Thats alright Emerson, understandable.

You are correct that the middle line, DH towards the river, has had a lot of saplings come out of it, i saw a motorbike rider there also on that weekend ride and he was coming out of the top of that segment, i'm sure they are as much to blame for the broken trees as any impatient riders.

Both the boggy runners climb (still slippery after a week on the off camber climb out) and the decent post u turn were bad. I found the runners climb as expected and had no plans to ride it but the decent after the u-turn drops down into the gully a bit and a lot of water has been flowing along it, possibly a re-route higher up the hillside? By reverse i mean as the segment name, headed towards the lake.

I think a large amount of logs would be good on the collapsed gully, not just for us riding happy hollow but for those exploring and crossing the gully at full pelt. The tracks there are very clear and look well ridden and it could very easily catch out a rider new to the area.

And to Mr. Nuclear, i will send your regards!


----------



## emerthis (Jun 17, 2011)

This just in from the Ranger at Parks Vic:

On-ground assessment of the trail network has now been completed, we now have a much better understanding of what is actually out there. Garry, Angelo and myself are meeting this afternoon to discuss and review the information we have compiled over the past few weeks. We will be in touch in the near future to schedule in a some meetings, I'm predicting these will be a mix of on-site and meeting room. Yes agreed, let's keep communication timely and continuous.

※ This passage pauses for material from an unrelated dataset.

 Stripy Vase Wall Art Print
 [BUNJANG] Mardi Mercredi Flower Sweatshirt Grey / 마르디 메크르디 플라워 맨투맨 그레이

I have spoken with the Ranger by phone today and a bit of email over the last couple of days. Here's a bit of an excerpt from (well, most of) what I had to say:

I saw your signage about the risk removal scheduled to start soon, in the heavily-used part of the park between the old Maroondah pipeline easement and the main fire road, at the southern end of the Park (see linked map). I must say, I was surprised to see how much the 'extreme' trails (with the big jumps) have spread across the area. I must agree that the way those jumps have been built does seem to pose an unnecessary level of risk, and it's certainly not in keeping with the natural forms that most of the more mature mountain-bike community values so highly about the area.

The kind of jumps that have been appearing recently are often referred to as 'doubles', or 'double-jumps' in older jargon. They are comprised of an up-ramp, followed by a gap, and a completely separate down-ramp. They are uncompromising in that failure to negotiate the obstacle successfully carries quite a high risk of injury. There is a way to make these features less prone to risk, as demonstrated at You Yangs Regional Park - simply by filling the gap between the ramps. What you end up with is something that looks much more natural (for example, like an eroded termite mound) - however any trail with this kind of feature needs to be well sign-posted in terms of advisory warnings, and the jumps should be quite clear of surrounding trees, to minimise the chances of an accidental collision.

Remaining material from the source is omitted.